The top panel of Figure 2 shows projected changes in annual mean surface ozone levels owing to increased emissions of pollutants only (Simulation 2 – Simulation 1). Ozone levels have only risen slightly over much of Europe and North America, by between 1 and 2 ppb, owing to the assumed reductions in emission in the Current Legislation scenario. The rise in ozone levels is slightly greater over Africa, by 2 – 3 ppb. The largest increases under the scenario occur over India and south-east Asia, by up to 15 ppb. This large increase in ozone levels over this part of Asia is due to projected increases in emissions of primary pollutants from power generation and vehicle numbers.
The same change in surface ozone levels, but also including the effects of climate change, are shown in the middle panel of Figure 2 (Simulation 3 – Simulation 1). The patterns of change in the ozone levels are broadly similar to the top panel, with the largest increases once more over India and south-east Asia, and smaller increases over the continents in the northern hemisphere. However, the absolute increases in the ozone levels are smaller, and in some parts of the northern hemisphere ozone levels have decreased slightly, by 1 – 2 ppb. The inclusion of climate change has therefore decreased the projected surface ozone levels for 2030. The effect of climate change alone is shown in the lower panel of Figure 2. This panel is the difference between the upper and middle panels. Surface ozone levels have fallen by 1 – 2 ppb over most of the globe, although a rise of 1 – 2 ppb is predicted over parts of the Pacific Ocean. These results show that, as indicated above, climate change has generally decreased projected global surface ozone levels for 2030.
Summary
The levels of methane and ozone in the troposphere are closely linked via chemical reactions involving water vapour. Experiments using a coupled chemistry-climate model have shown that global methane levels are correlated with global water vapour levels, and global OH levels. Larger water vapour levels result in increased production of OH levels, and consequently smaller methane levels.
Further simulations using the coupled chemistry-climate model were used to study the effect of climate change on projected surface ozone levels for the year 2030. The water vapour levels are larger in the 2030 climate than in the 2000 climate. Climate change has reduced the projected ozone levels by 1 – 2 ppb over most of the globe. This reduction is due to the reaction between water vapour and excited state oxygen atoms. Owing to the increased water vapour levels, more excited state oxygen atoms react with water vapour, and fewer are quenched to the ground state to reform ozone. Hence, more hydroxyl radicals (OH) are made at the expense of ozone molecules, and ozone levels fall.
References
Dentener, F., Stevenson, D., Cofala, J., Mechler, R., Amann, M., Bergamaschi, P., Raes, F., and Derwent, R. 2005. The impact of air pollutant and methane emission controls on tropospheric ozone and radiative forcing: CTM calculations for the period 1990 – 2030. Atmos.
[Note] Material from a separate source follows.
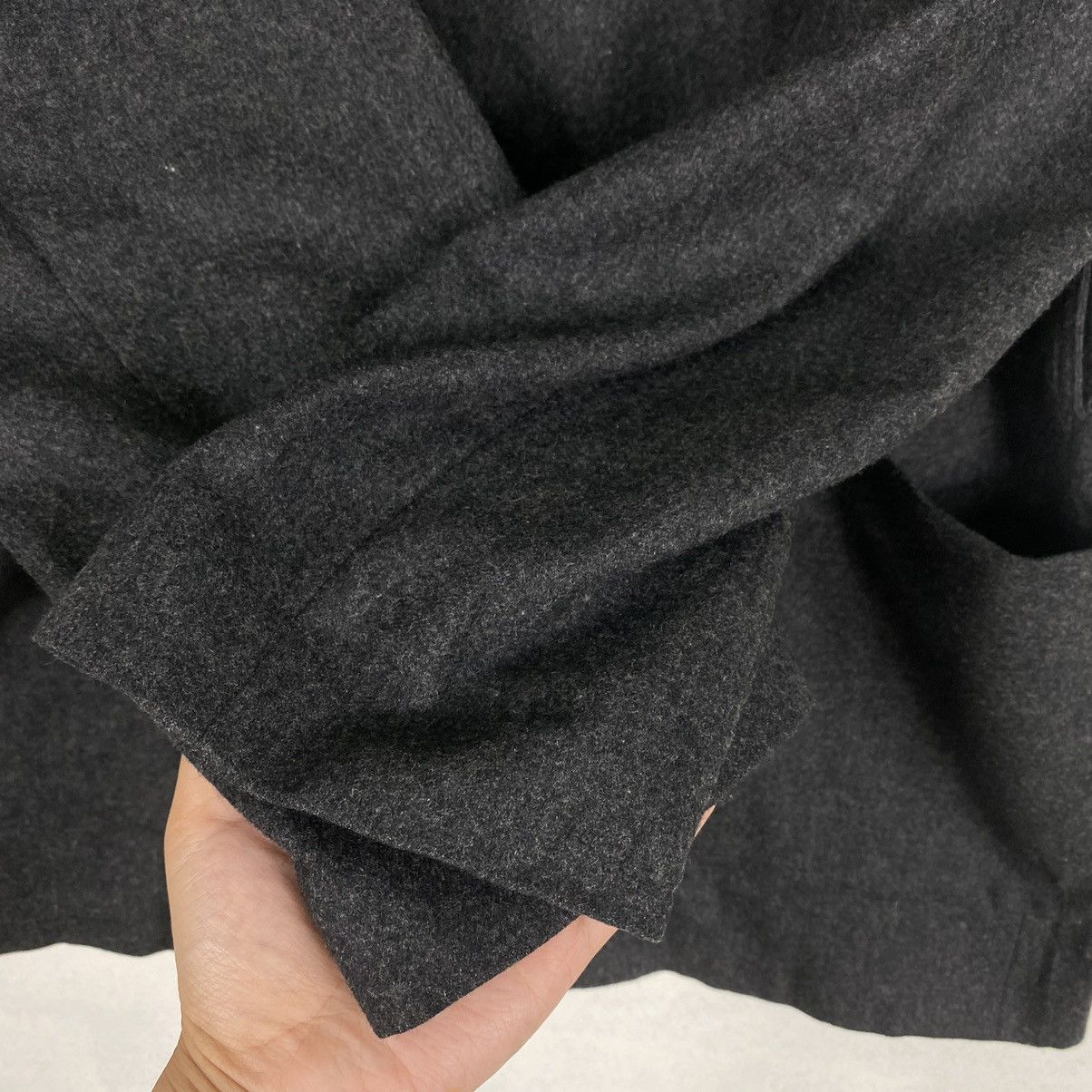 Paul Smith Paul Smith Button Chore Coat Size US M / EU 48-50 / 2 - 10 Thumbnail
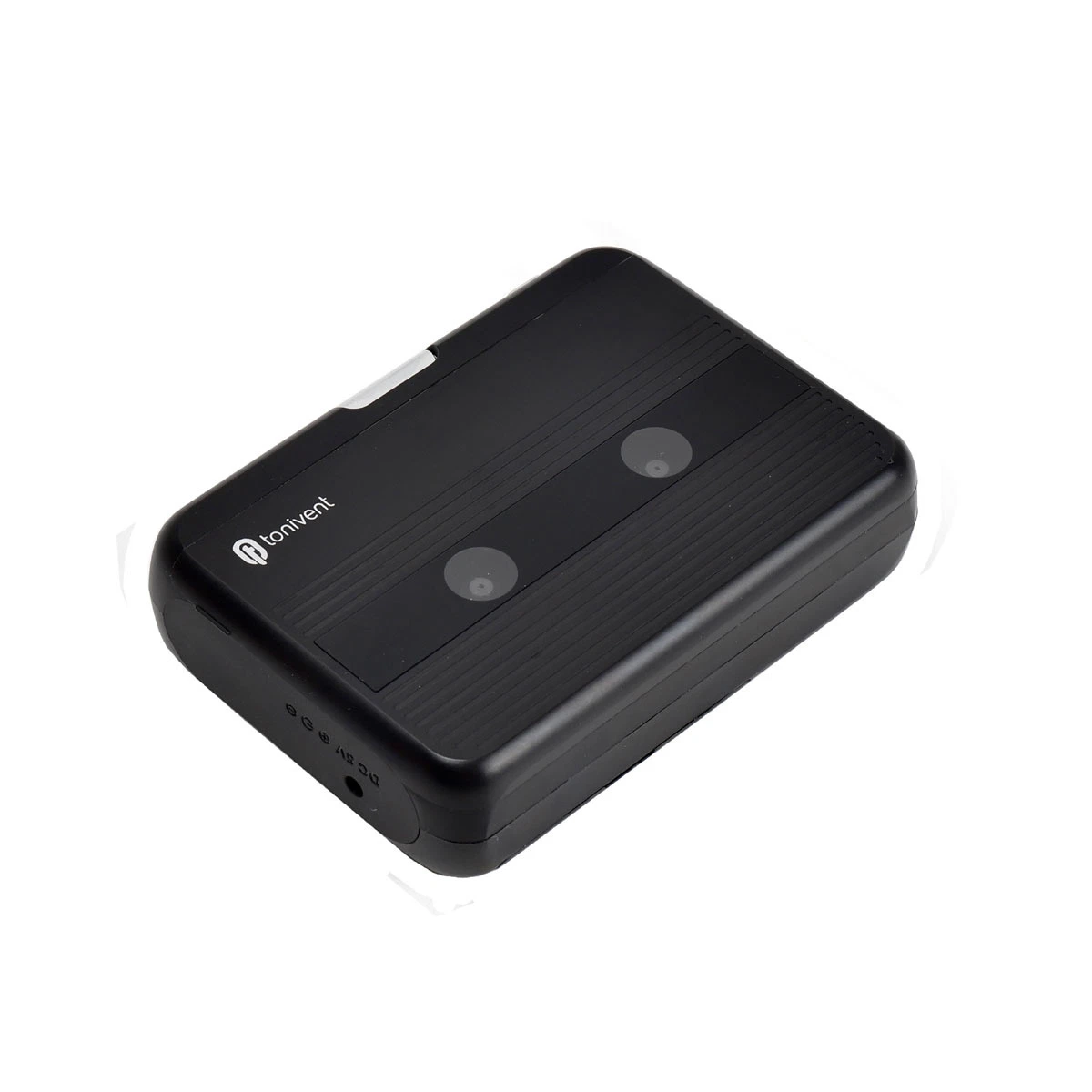 Портативный кассетный магнитофон с Bluetooth и разъемом 3,5 мм для наушников Stereo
Chem. Phys., 5, 1731-1755.
Dentener, F., Stevenson, D., Ellingsen, K., van Noije, T., Schultz, M., and co-authors. 2006. The global atmospheric environment for the next generation. Environ. Sci. Technol., 40, 3586-3594.
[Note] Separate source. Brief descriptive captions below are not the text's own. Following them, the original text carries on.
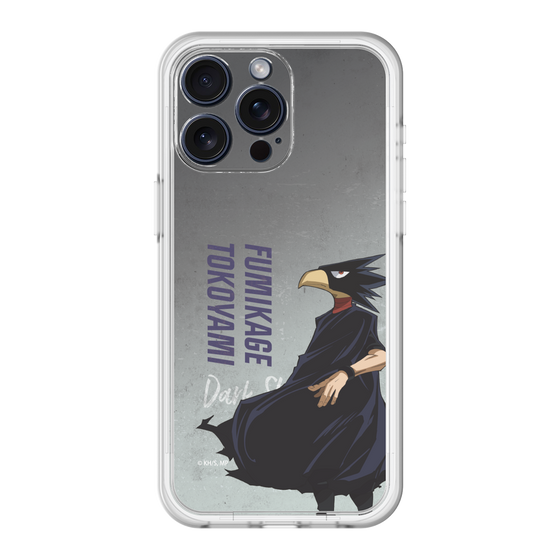 スリムプロテクションプレミアムケース［ 僕のヒーローアカデミア - 立ち絵 - 常闇 踏陰 ］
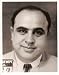 Al Capone Mug Shot 8x10 Photo
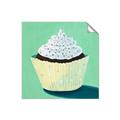 Picture of Chocolate Cupcake _GroupedProduct_Square_Unframed_Print_Only_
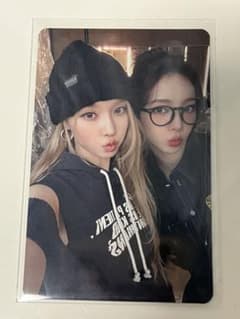 aespa ワーナートレカ ジミンジョン ウィンター カリナ - メルカリ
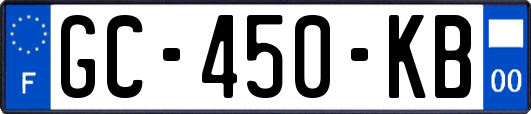 GC-450-KB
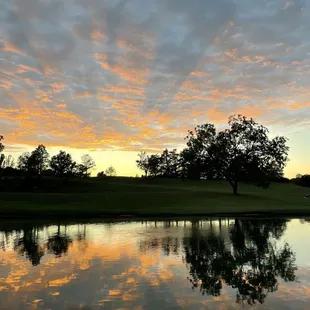 The perfect place for Oklahoma sunsets!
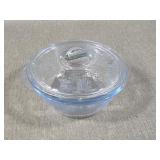 Fire King Philbe Sapphire 1-Pint Casserole Dish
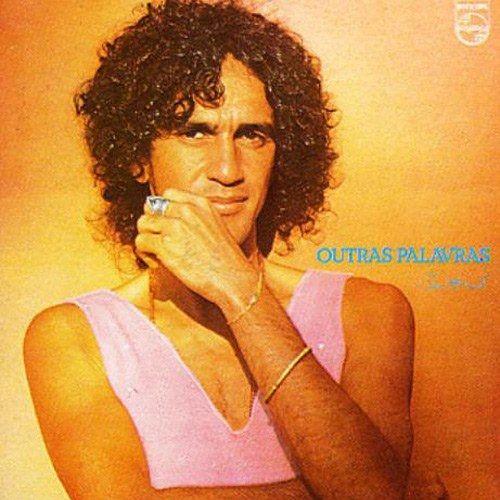 Album cover of "Outras Palavras" by Caetano Veloso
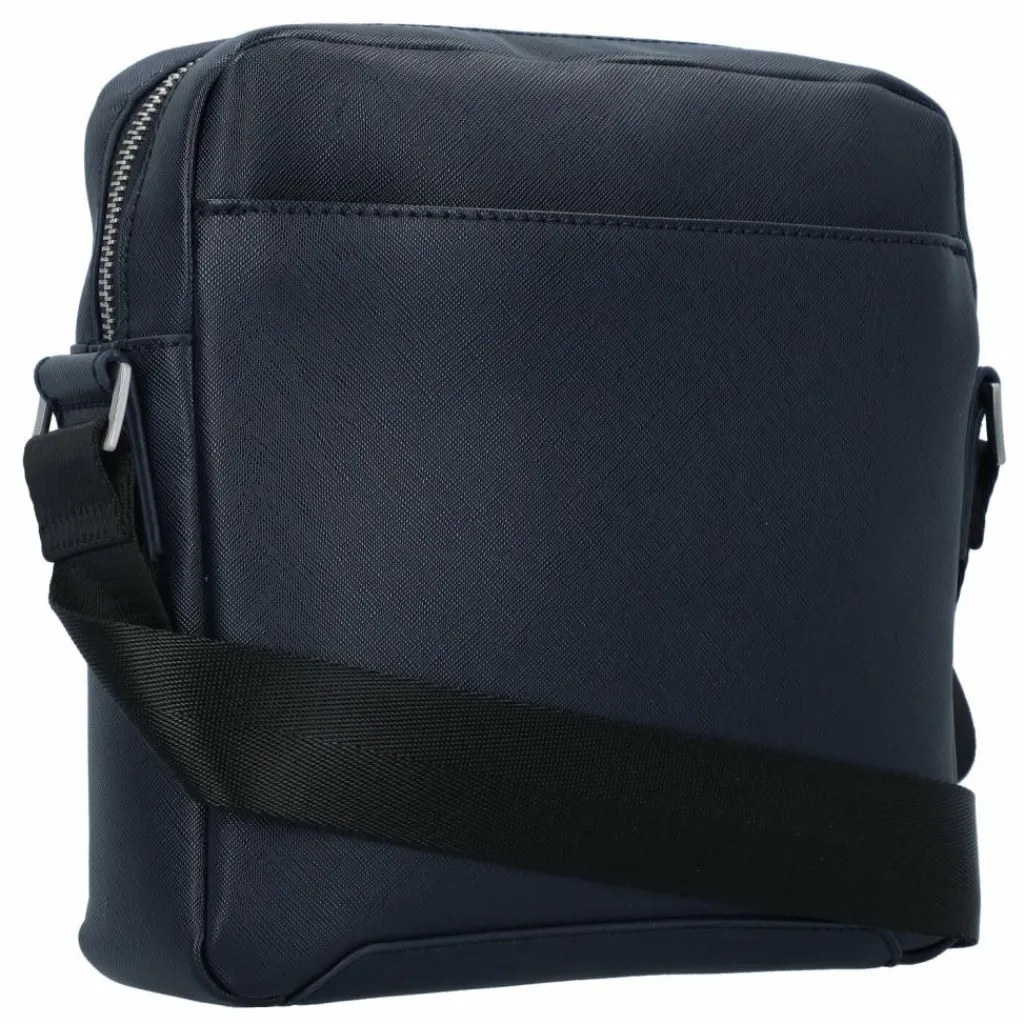 Guess Umhängetaschen<Saffiano Umhängetasche 22.5 cm dark blue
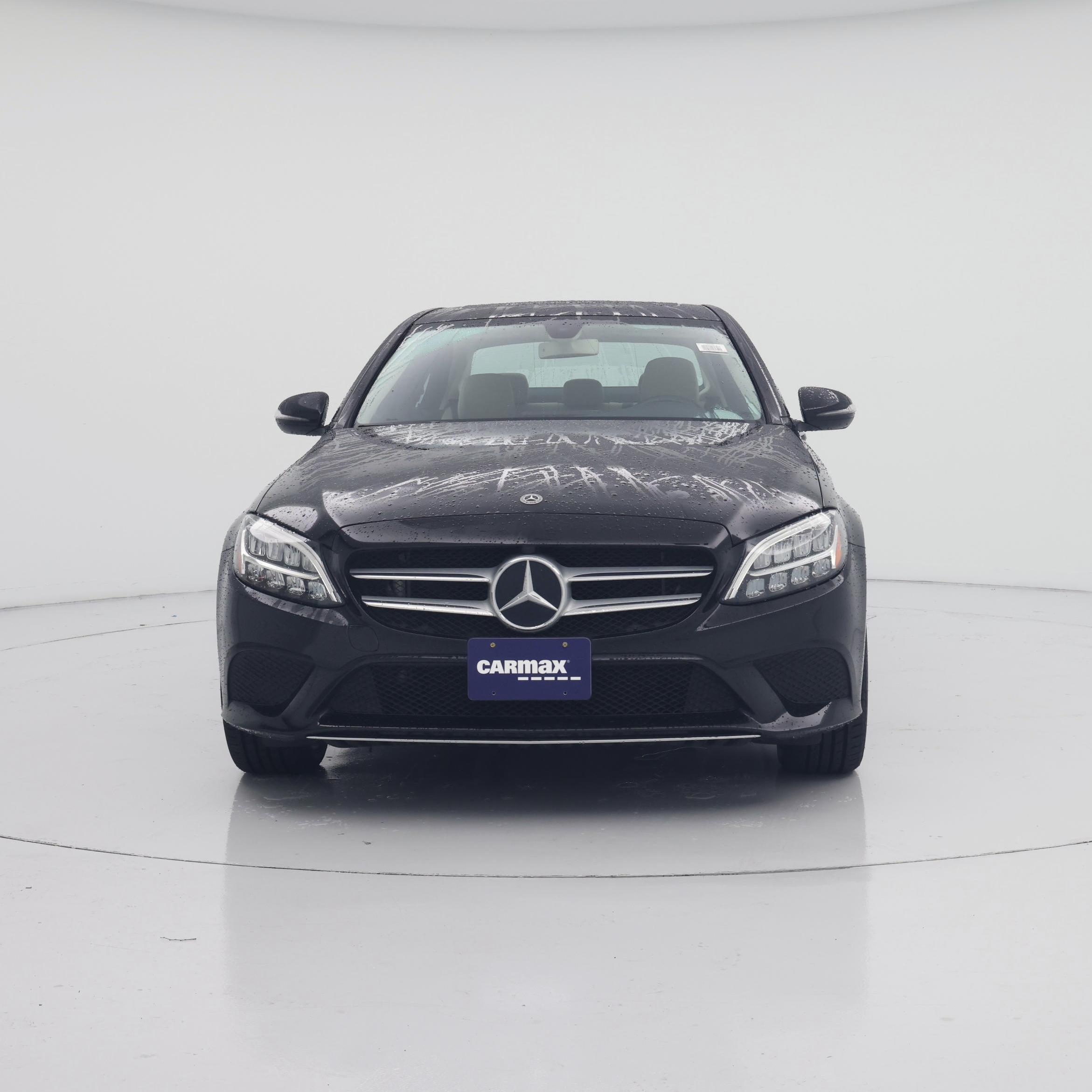 Thumbnail: 2020 Mercedes-Benz C-Class - 5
IPCC. 2000. Special Report on Emissions Scenarios: A special report of working group III of the intergovernmental panel on climate change (eds. N. Nakićenović et al.), Cambridge University Press, New York.
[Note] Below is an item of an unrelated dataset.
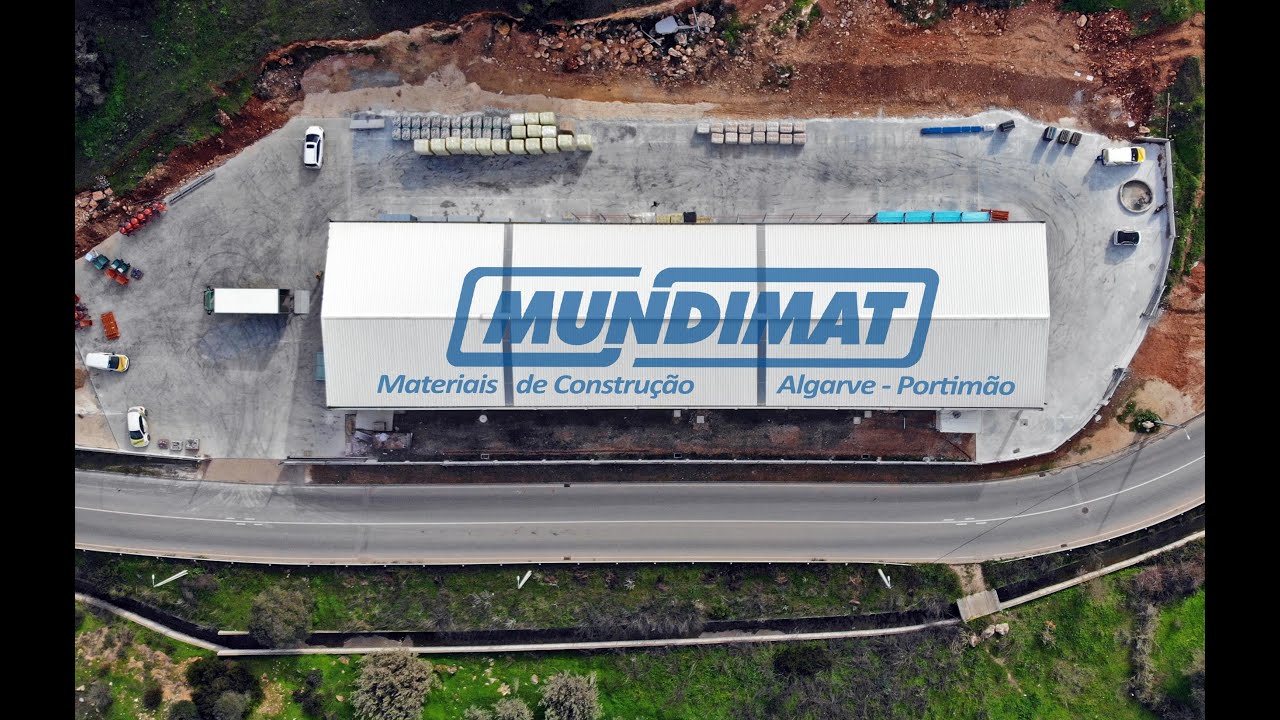 MUNDIMAT | Armazém Portimão - Algarve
IPCC. 2001. Climate Change 2001: The Scientific Basis. Contribution of working group I to the third assessment report of the intergovernmental panel on climate change (eds. J. T. Houghton, Y. Ding, D. J. Griggs, M. Noguer, P. J. van der Linden, X. Dai, K. Maskell, and C. A. Johnson), Cambridge University Press, New York.
Johnson, C.E., Stevenson, D.S, Collins, W.J. and Derwent, R.G. 2001. Role of climate feedback on methane and ozone studied with a coupled Ocean-Atmosphere-Chemistry model. Geophys. Res. Lett., 28, 1723-1726.
Johnson, C.E., Stevenson, D.S., Collins, W.J., and Derwent, R.G. 2002. Interannual variability in methane growth rate simulated with a coupled ocean-atmosphere-chemistry model. Geophys. Res. Lett., 29, 1903, doi:10.1029/2002GL015269, 2002.
Stevenson, D.S., Dentener, F.J., Schultz, M.G., Ellingsen, K., Van Noije,
T.P.C., and co-authors. 2006. Multi-model ensemble simulations of present-day and near-future tropospheric ozone. J. Geophys. Res., 111, D084301, doi:10.1029/ 2005JD00638.
Vingarzan, R. 2004. A review of surface ozone background levels and trends.
Atmos. Environ., 38, 3431-3442.
Volz, A. and Kley, D. 1988. Evaluation of the Montsouris series of ozone measurements made in the nineteenth century. Nature, 332, 240-242.
Wayne, R. P. 1985. Chemistry of Atmospheres, Oxford University Press, Oxford, U.K.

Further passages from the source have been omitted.